== EXTRACTED RECORDS ==

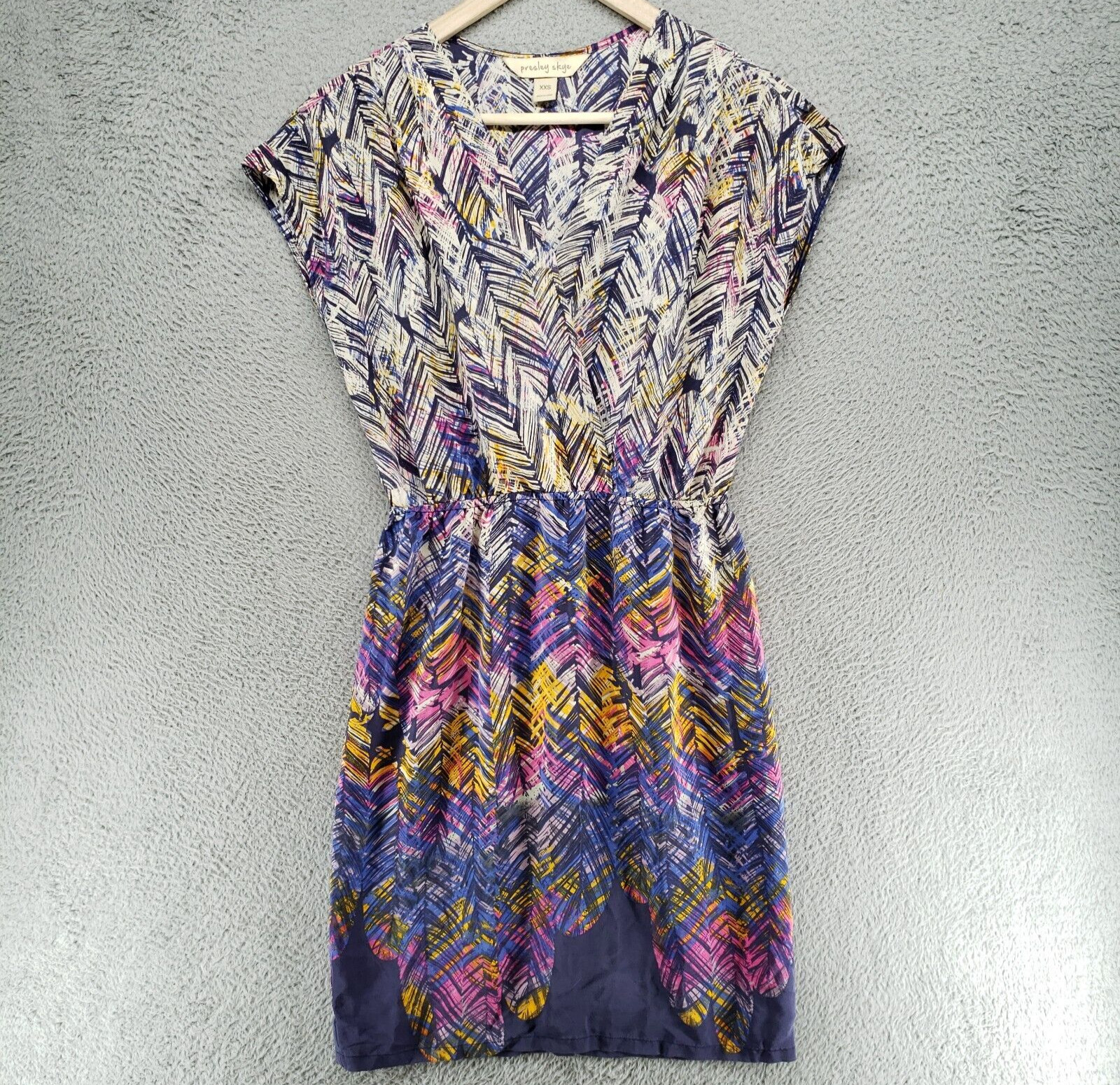 Presley Skye 100% Silk Dress Womens XXS Purple White Capped Sleeve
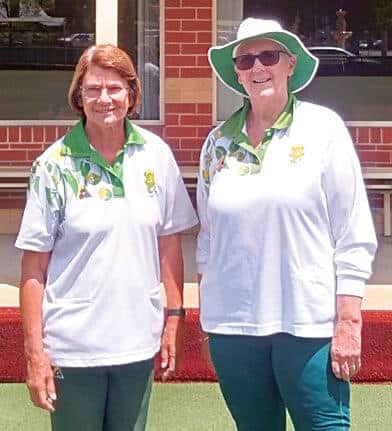 Ladies' Bowls Pairs winners, Viv Cavanagh and Angela Finn.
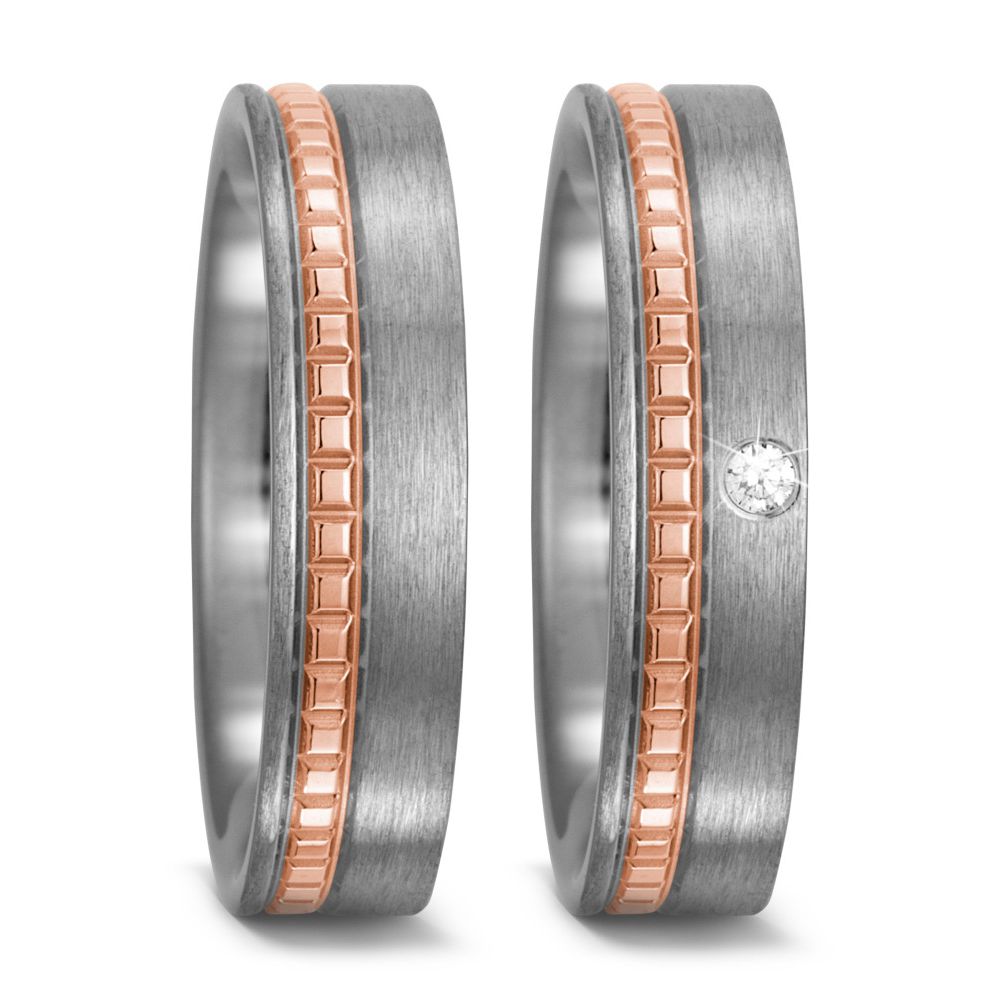 Produktbild: TitanFactory Trauringe/Eheringe Titan/18ct.Rotgold 52494/013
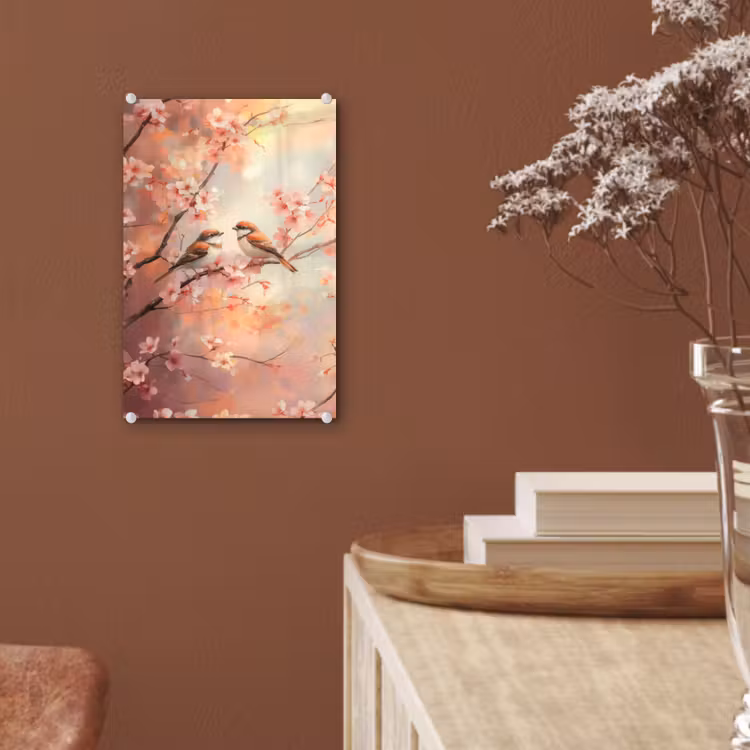Glas schilderij - Vogels - Romantic - Bloesemtak — 6
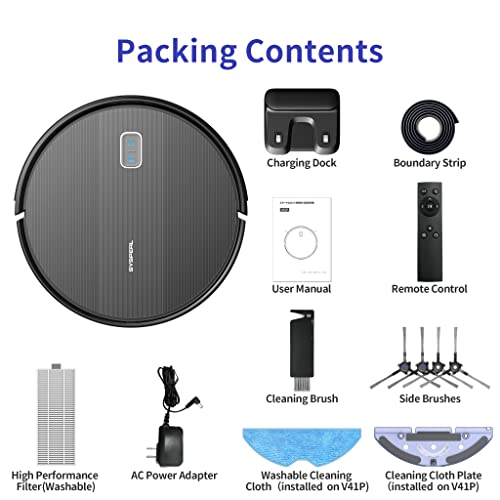 SYSPERL 2 in 1 Robot Vacuum and Mop, 2600Pa Robot Vacuum Cleaner with Mapping Technology, WiFi/Alexa/APP/Remote Control Self Charging Vacuum for Hardwood Floors, Carpet, Ideal for Pet Hair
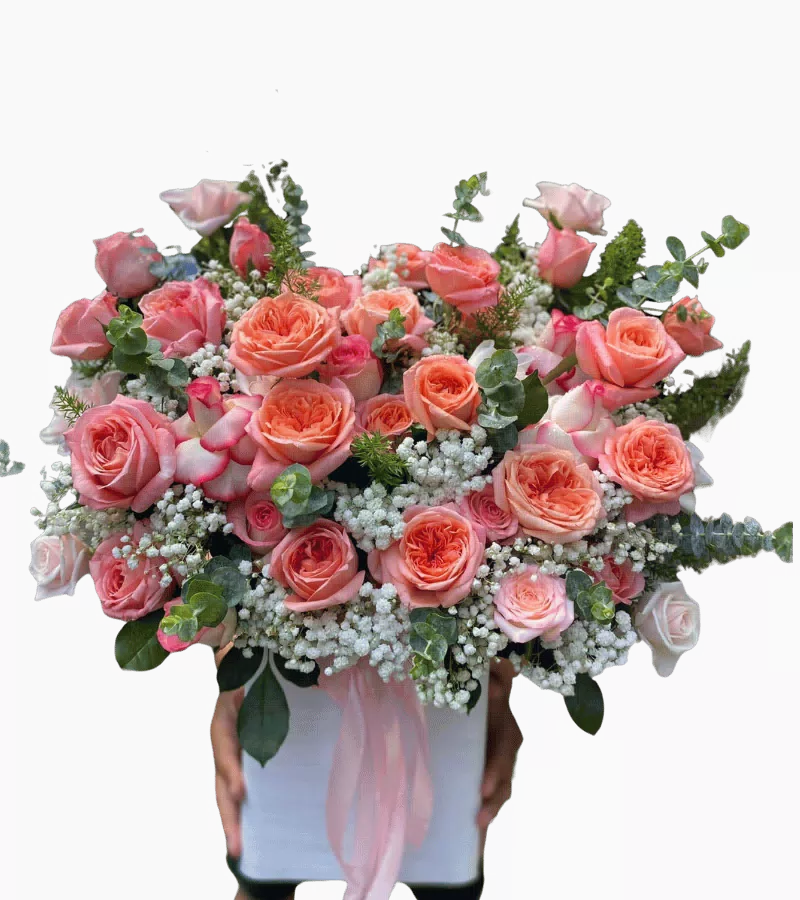 Giỏ Hoa Hồng Cam Rạng Ngời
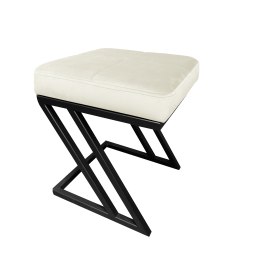 Pufa ZETA tkanina Welur loft ławka podnóżek metal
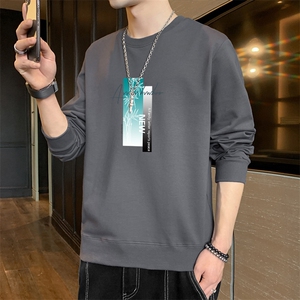 抖音直播主推春秋新款现货男士印花圆领大码卫衣长袖打底F120图片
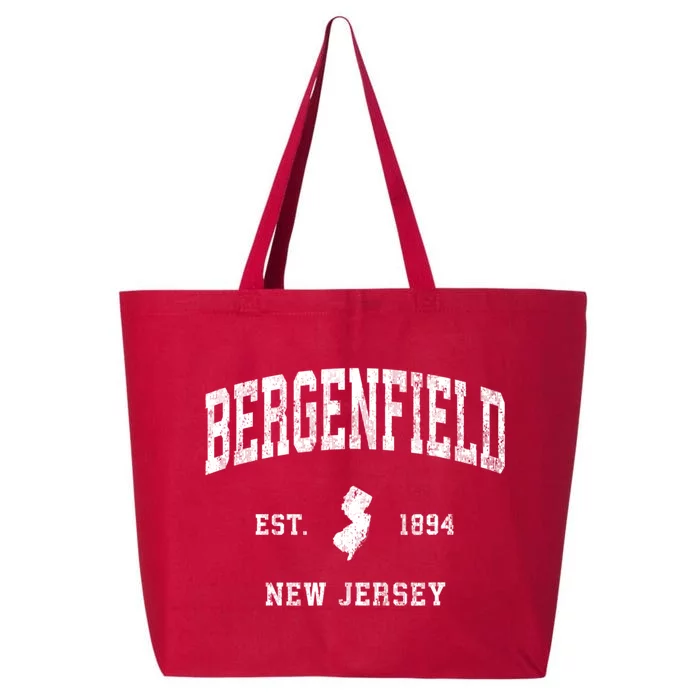 Bergenfield New Jersey Nj Vintage Athletic Established 25L Jumbo Tote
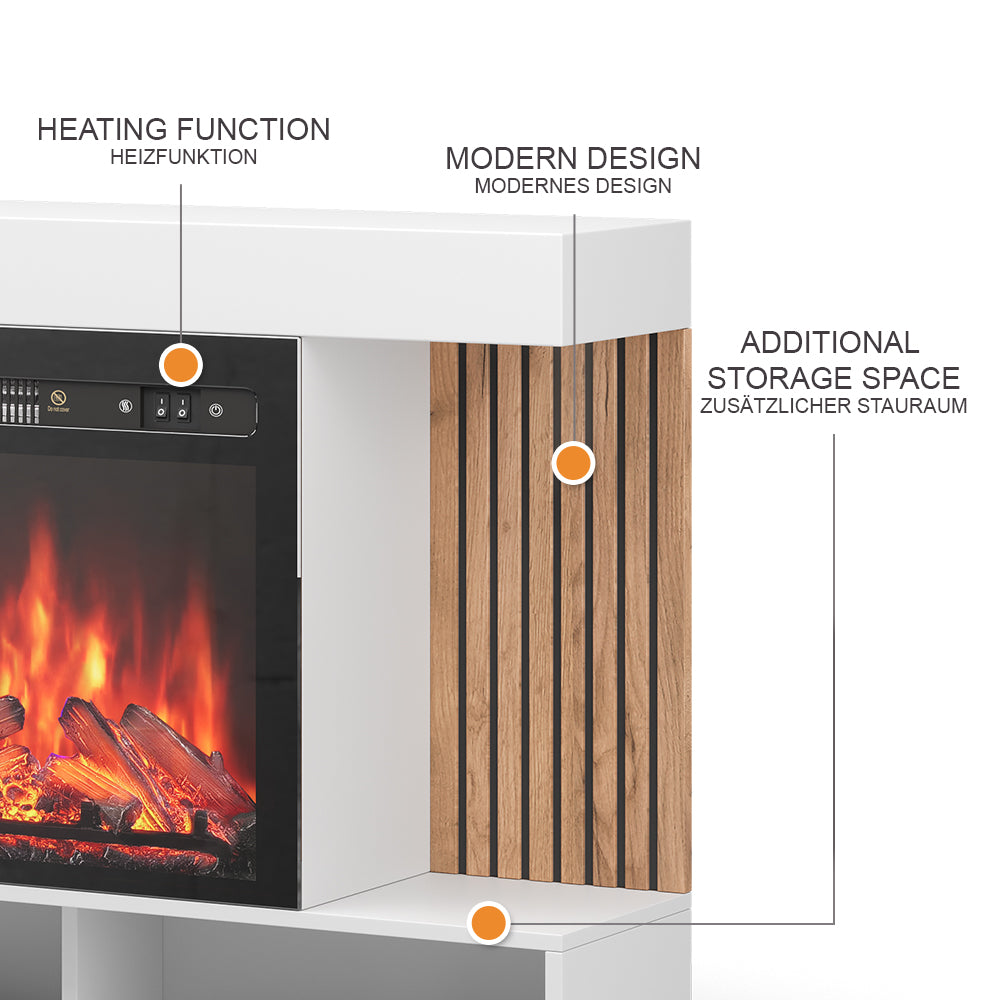 Vicco Caminetto elettrico Bianco 100 cm con effetto fiamma realistico e riscaldatore da 1800W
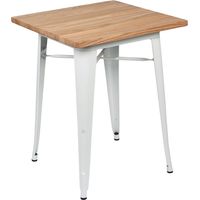 Table de salle à manger carrée industrielle 7house en bois et acier 60x60x76cm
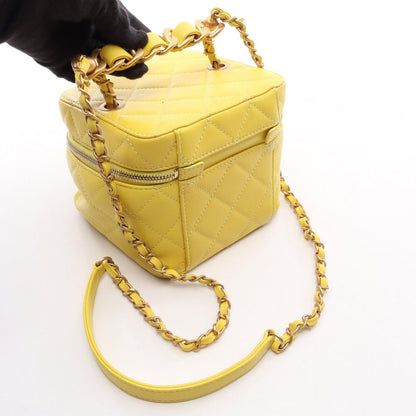 Chanel Shoulder Bag Quilted Yellow Lambskin Vanity 2-Way Chain — view 8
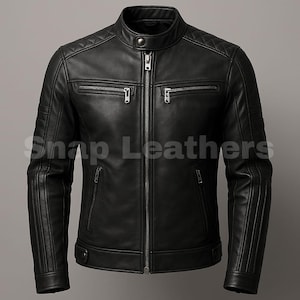 Men&#39;s Black Leather Biker Jacket: Quilted Shoulder Moto Cafe Racer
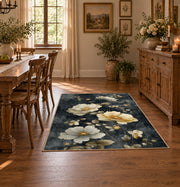 charcoal cream rose vintage botanical area rug, front room mockup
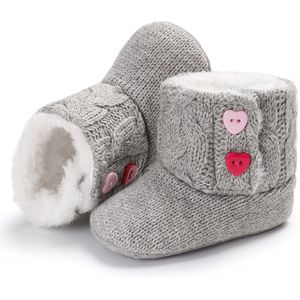 Pasgeboren Winter Baby Meisjes Cartoon Warme Zachte Bodem Leer Bont Meisje Schoen Antislip Crib Baby Laarzen Baby Effen snowboots 0-18 m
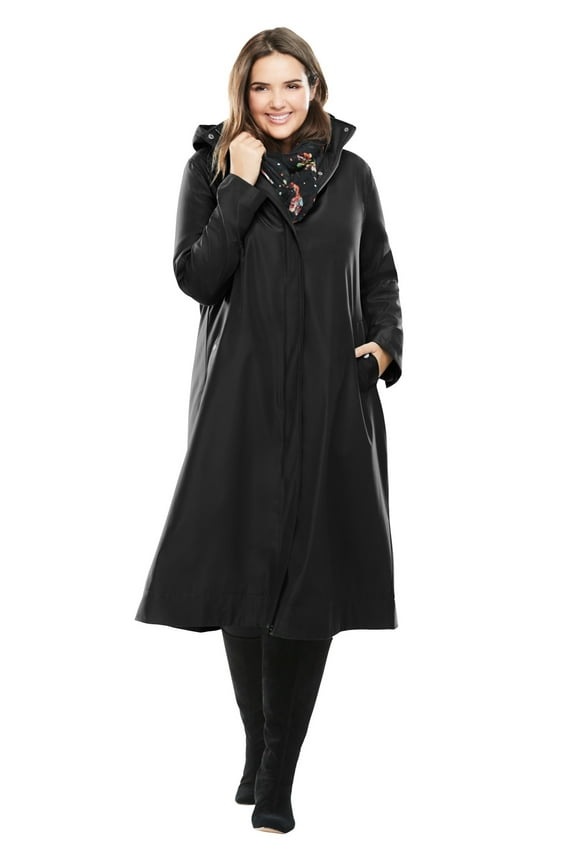 Plus Size Long A-Line Raincoat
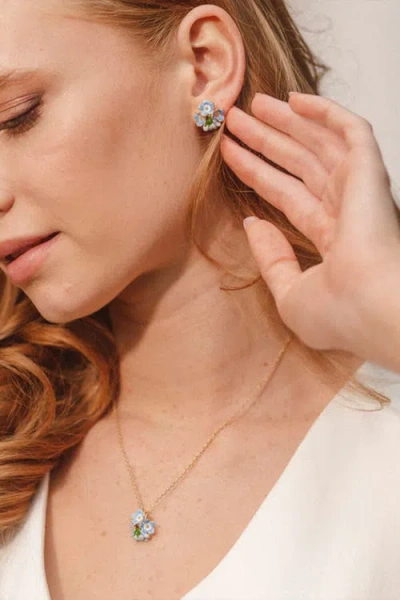 Bill Skinner Studio Forget Me Not 3 Cluster Studs In Blue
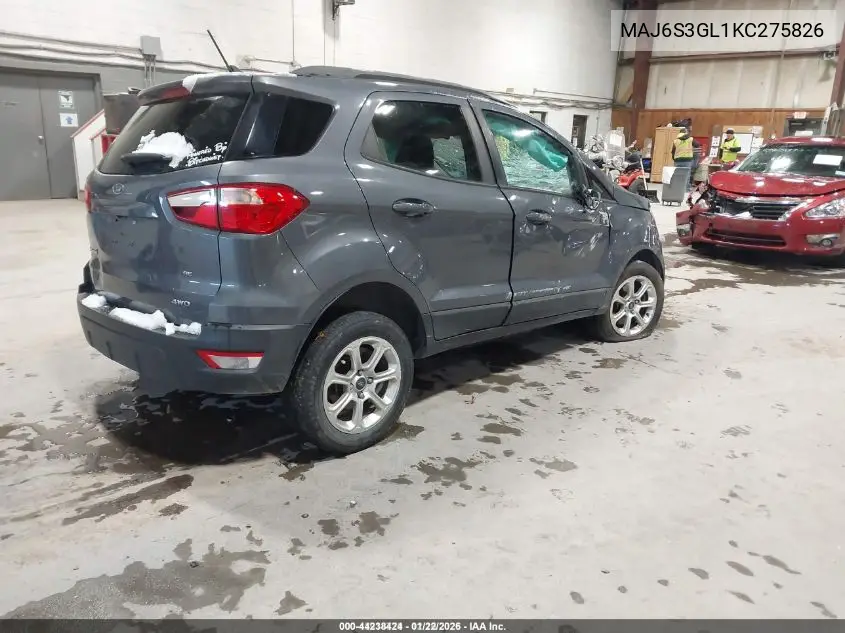 MAJ6S3GL1KC275826 2019 Ford Ecosport Se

== GOAL OF THE EXERCISE ==
Would you output, word for word, only the lines running from the line with "Bill Skinner Studio" to the end of the listing above, both ends included, with no pictures?

== SOLUTION FOR THIS TASK ==
 Bill Skinner Studio Forget Me Not 3 Cluster Studs In Blue
 MAJ6S3GL1KC275826 2019 Ford Ecosport Se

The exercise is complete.